2) MMM - Mart's Mutant Mod + patche do FWE i EVE - czyli zestaw nowych przeciwników, starych jest więcej + możliwość konfiguracji, fajny mod ale miałem problemy z balansem, niektórych przeciwników nie mogłem pokonać, inni byli zaskakująco słabi (może gryzło się coś z innymi modami lub brakowało patcha z FOIP, nie pamiętam już).
3) mody na lepszy HUD - aHUD i iHUD - ja ustawiam sobie HUD jak w F4 :P czyli np. kompas na dole po środku itd.
4) enhanced camera (widać nogi i resztę ciała postaci)
5) Weapon Mod Kits (najlepiej z CALIBR z ammo schematics i CRAFT - nie trzeba jak masz FWE) - świetny mod w którym można modyfikować bronie np. chiński karabin szturmowy + luneta + celownik laserowy + tłumik + powiększony magazynek = chyba najlepsza cicha broń ;) ewentualnie można zamienić na karabin myśliwski lub snajperkę :)

Do eksperymentowania polecam:
1) RobCo Centified - czyli dodatkowe robociki z możliwością ich własnoręcznego składania, będą łazić za nami jak companion, jest opcja "Mister Smiths Scrapyard" - dodatkowe questy i lokacja przy Wysypisku.
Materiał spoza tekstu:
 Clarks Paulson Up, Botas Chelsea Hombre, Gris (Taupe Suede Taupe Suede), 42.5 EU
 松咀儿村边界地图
2) RTS - Real Time Settler - masz swojego brahmina i zakładasz osadę, ścinasz drzewa itp. co jest więcej to nie wiem bo krótko w to grałem

To na razie tyle z tych co testowałem (w modpacka Aurelinusa też grałem), jak mi się przypomni to jeszcze coś zarzucę. Oczywiście grałem w pełną polską z edycji digital z muve oraz testowałem na edycji pudełkowej + dodatki bo taką też mam.